What Is a Credit Card Balance Transfer?
A credit card balance transfer is when you transfer the balance of your card with a high-interest rate to another card with a relatively lower interest rate. It is promoted as one of the most effective ways to get out of credit card debt by companies that provide credit cards. People struggling with debt often use the balance transfer method to save a lot of bucks on the interest amount while paying off the debt.
When you perform a quick search on the internet, you are shown with plenty of results telling you that transferring the balance to a new credit card is a good idea to pay off debt while saving money in terms of paying no interest rates. But you should dig deeper to understand the terms and conditions to make sure you are making an informed decision and not building more debt by transferring the balance to another card.
What Are Balance Transfer Credit Cards?
A particular type of credit card that allows you to transfer balance of your other cards or accounts is known as a balance transfer credit card. Such cards usually come with a 0% annual percentage rate.

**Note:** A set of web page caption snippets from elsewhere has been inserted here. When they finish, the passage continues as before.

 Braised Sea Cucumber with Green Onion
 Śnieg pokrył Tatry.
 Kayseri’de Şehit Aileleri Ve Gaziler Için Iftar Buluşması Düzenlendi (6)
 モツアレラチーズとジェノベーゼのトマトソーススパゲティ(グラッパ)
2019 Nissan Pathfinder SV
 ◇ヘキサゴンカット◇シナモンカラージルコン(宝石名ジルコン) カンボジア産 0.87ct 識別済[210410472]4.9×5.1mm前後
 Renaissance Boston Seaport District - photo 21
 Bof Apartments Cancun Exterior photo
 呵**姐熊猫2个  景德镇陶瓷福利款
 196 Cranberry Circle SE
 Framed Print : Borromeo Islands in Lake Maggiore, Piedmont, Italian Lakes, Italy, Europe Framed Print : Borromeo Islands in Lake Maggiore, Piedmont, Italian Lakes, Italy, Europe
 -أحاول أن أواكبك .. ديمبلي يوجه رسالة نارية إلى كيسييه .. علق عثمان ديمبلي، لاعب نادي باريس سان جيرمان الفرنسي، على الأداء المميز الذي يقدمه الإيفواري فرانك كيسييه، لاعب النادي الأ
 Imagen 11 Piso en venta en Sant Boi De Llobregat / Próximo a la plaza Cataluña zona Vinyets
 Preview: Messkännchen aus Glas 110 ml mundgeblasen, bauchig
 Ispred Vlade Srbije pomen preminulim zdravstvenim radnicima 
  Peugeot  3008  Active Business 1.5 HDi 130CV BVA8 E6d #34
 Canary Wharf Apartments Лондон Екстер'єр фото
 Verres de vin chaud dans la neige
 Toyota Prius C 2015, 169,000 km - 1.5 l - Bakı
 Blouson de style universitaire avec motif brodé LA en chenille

This means you are not paying the interest rate towards balance payments for a given period of time. This is the reason, people opt for a new card with balance transfer feature to pay the balance of their other cards without making bigger payments towards interest.
It sounds like a great idea to apply for a balance transfer card but one should do proper homework and review different offers to make a wise decision. Since the 0% APR period is temporary and comes with an expiry, you should be cautious and make payments before the grace period expires. Not only this, you may also need to make a 3 to 5% of balance transfer fee on each transfer transaction you perform.
Once the promoted 0% APR period is expired, you will be charged by the company with variable interest rates from 11 to 25%. This means, if you fail to pay your balance in full during the 0% APR period, you will be charged up to 25% interest rate.
Do Balance Transfers Hurt Credit Score?
Whenever you sign up for a new card, the company usually conducts a hard inquiry about your current creditworthiness to see should really want to lend you money. It makes a tiny ding in your current credit scores and your scores bounce back to normal after a short span of time. The same goes with applying for a balance transfer credit card. You will see a quick drop in your score for a few points but you will get them back soon.
Are Balance Transfer Credit Cards Worth It?
As it is mentioned above, the balance transfer method is one of the effective ways to pay off credit card debt faster, applying for one could provide you with a temporary debt repayment solution. But don’t take it as the best debt management tool especially if you live paycheck to paycheck.
A balance transfer credit card comes with a 0% APR period that can help you save so many bucks when it comes to paying off credit card debt. But there are some hidden facts you should know about balance transfer cards to avoid building more debt. There might be a particular balance transfer fee that you need to pay upon each balance transfer transaction you perform. And if you fail to make a single monthly payment, the 0% APR grace period can come to an end. And then you will be paying an interest rate higher than your old credit card.